The Mayor through his minions, Klein, Black (remember her?), and Walcott have done everything from reorganizing the system to reorganizing it yet again, from firing teachers to hiring newbies and excessing them, to training new principals without teaching experience and rating their schools “F”, to closing schools and reopening new ones and closing them, to cooking the books in ways that might even top the skills of an Enron bookkeeper, and have still not be able to raise reading and math scores. Yet the answer is waiting right under their noses. Hey guys, you claim to be data driven, just look at the data – it sits there waiting for you! Why even a lowly teacher like me can see it!
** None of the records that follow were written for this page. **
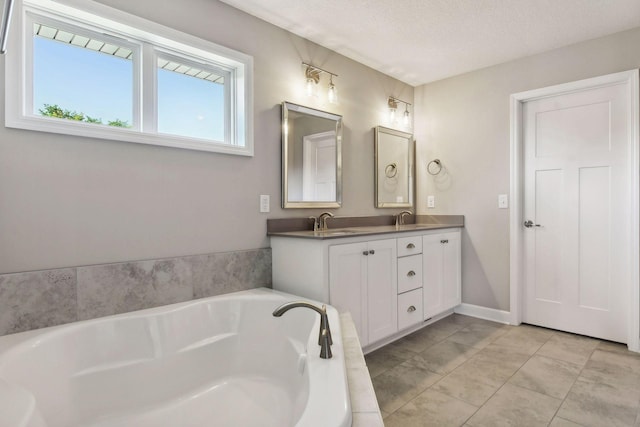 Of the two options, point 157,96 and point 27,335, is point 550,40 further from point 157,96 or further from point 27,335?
point 27,335

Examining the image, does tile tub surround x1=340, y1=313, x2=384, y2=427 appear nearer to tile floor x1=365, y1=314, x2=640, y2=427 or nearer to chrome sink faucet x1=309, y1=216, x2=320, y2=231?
tile floor x1=365, y1=314, x2=640, y2=427

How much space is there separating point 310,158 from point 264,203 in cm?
58

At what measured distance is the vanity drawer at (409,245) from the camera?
2691 millimetres

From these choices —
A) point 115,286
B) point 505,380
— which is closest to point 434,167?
point 505,380

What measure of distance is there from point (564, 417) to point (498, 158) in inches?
87.5

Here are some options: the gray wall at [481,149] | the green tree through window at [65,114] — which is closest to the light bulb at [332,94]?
the gray wall at [481,149]

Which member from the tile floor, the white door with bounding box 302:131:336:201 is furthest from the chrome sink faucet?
the tile floor

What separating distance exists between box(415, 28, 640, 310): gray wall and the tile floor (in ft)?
2.13

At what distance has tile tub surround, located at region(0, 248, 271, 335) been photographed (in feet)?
5.16

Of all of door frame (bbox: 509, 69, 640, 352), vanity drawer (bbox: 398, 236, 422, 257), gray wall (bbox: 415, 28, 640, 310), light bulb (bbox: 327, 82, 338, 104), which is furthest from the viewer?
gray wall (bbox: 415, 28, 640, 310)

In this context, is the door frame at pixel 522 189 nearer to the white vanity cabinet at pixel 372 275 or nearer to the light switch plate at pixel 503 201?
the light switch plate at pixel 503 201

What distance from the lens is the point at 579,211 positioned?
2.91 metres

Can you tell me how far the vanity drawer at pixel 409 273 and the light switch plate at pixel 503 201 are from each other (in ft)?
3.40

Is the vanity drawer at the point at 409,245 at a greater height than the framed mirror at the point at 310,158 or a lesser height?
lesser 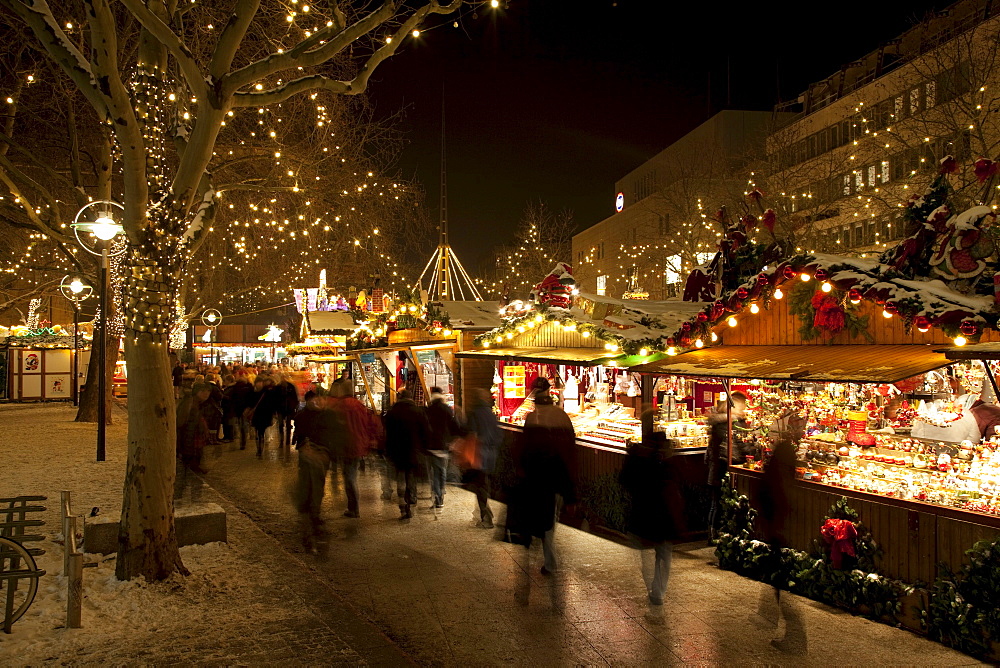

1. The schools that have the highest percentage of students in the free lunch program tend to have the students who also perform the lowest on standardized tests. Don’t you see the connection here? Free lunch = low scores! Suggestion lifted straight from the data: To improve reading and math achievement, just do away with the free lunch program. Voila! Join the high scoring schools with fewer free lunch kids. And save the Feds all that money they spend on breakfast and lunch for a bunch of ungrateful kids who do nothing but whine about the food.
2. Our kids go to school for 10 months, for 6 hours and 57 ½ minutes. Those who are have not done well on standardized tests aren’t promoted, are mandated to go to summer school for 15 days (and some will be absent for some of those days), 3 hours a day, be retested and most will have their scores go up and pass the grade. So we take the most challenging students and do in 15 days what cannot be done in 10 months with double the daily time. See the connection here? 10 months = failure on tests. 15 days = success on tests. Hey! Cancel 10 month school and mandate a 15 day school for all students. Imagine what the most successful students will be capable of achieving in 15 days! Kids whine about going to school anyway – ask them, they hate school. We are not teaching art, music and offering gym anyway in year round school as schools are focused on test prep. So what are they missing? Give the schools to charters, which is what the DOE really wants to do anyway. And save all that money.
Take a sniff – the solutions are right under your noses!
2 comments:
"The schools that have the highest percentage of students in the free lunch program tend to have the students who also perform the lowest on standardized tests."
Hey! Watch out! If anybody else is reading this blog, you might be accused of (horrors!) making RACIST statements.
But seriously. Do you actually think that people in the know, like active duty public school teachers, don't know how silly and stupid the NYCDE, and the NYSED, and the NYS Regents, and the brilliant theoreticians in the schools of Education are?
Unfortunately, a few people reading each others witty postings on a few blogs is not going to penetrate the media wall of silence and the approved messages going out to the low information sheep out there. What you people have just not been able to figure out is how to get your message out.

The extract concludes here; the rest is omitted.